The Liebster Award – paying forward

Thanks to Norah Colvin for the nomination for the Liebster Award. I’ve been very slow to complete my responses, partly because I have been busy with things but also because I haven’t yet found the nominees that I want to promote. But I’ll do a separate post rather than delay any longer.

88 liebster2

The purpose of the Liebster Award is to:

  • provide encouragement for new bloggers with a following of fewer than 200
  • promote communication between bloggers,
  • recommend blogs to others.

Nominating others for the award is like paying a compliment forward.

Norah’s blog – live, love, laugh, learn – is one I visit frequently and I leave comments there sometimes. I am enjoying her flash fiction, for example, at the moment. She asked me some questions, and since Bookwood is a book blog I shall try to answer bookishly. Despite everything being transparent on-line, I prefer to keep quite a bit of my life private. I have adapted Norah’s questions somewhat as she allowed. Here are my responses:

  1. What do you value most in life?

No question – my daughter. Since her childhood we have shared books and responses to books. And now I am reading with her children, and the older one is at the point of reading for himself. Exciting. He has been enjoying Roald Dahl. The younger one enjoys ‘reading’ the Aybeeceedee book with me.

88 ABC

  1. What activities do you enjoy and why?

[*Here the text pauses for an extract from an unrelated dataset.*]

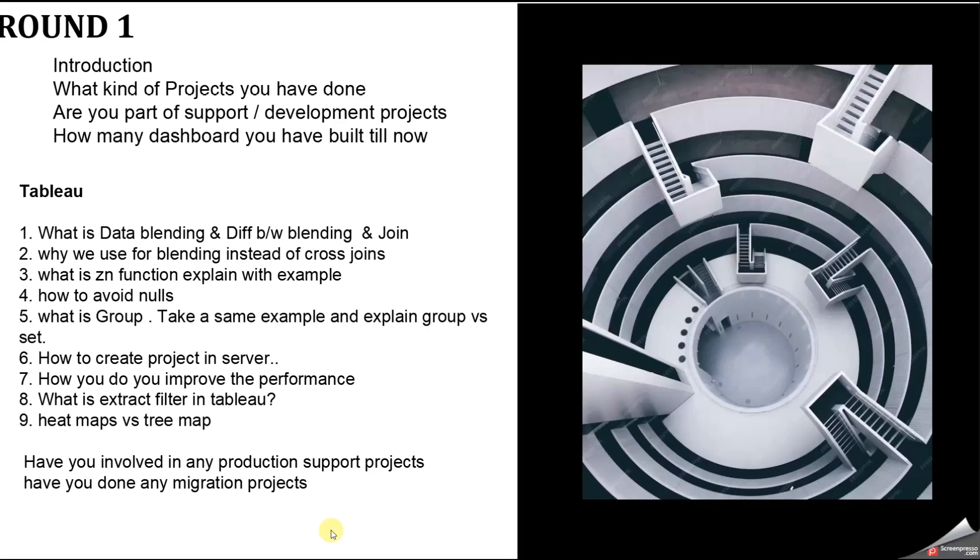The third question was: what is the ZN function? ZN is used to replace null values with zero. Always give a project-based example rather than a dummy sample superstore example. You can say: in our dashboard, there were null values but the user wanted them represented as zero, so we used the ZN function.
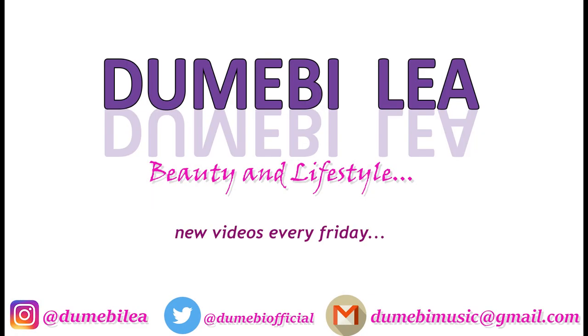So fabulous! Welcome back to the channel. If this is your first time stumbling on my channel, you're welcome — it's so good to have you here. I'm a Nigerian makeup artist and I do makeup, hair, basically beauty and lifestyle videos. If you're already a subscriber, you're fabulous, you're part of my team. You guys know I love you.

Reading and writing, and talking about both with other enthusiasts. Not only do I belong to a reading group and a poetry group (but do not intend to write any) but also at least two writing groups. My published writing tends to be collaborative, and that too is a joy. Writing with someone else means I go deeper than I would on my own. Plus we laugh a lot.

  1. What is something you wish you had more time for?

Reading and writing fiction and non-fiction. Actually it’s not so much time as ability to fit all the things I love in my life. I can’t spend all day reading and writing. Well I can, but I have other things I like doing as well.

  1. What is one change you would like to make in the world?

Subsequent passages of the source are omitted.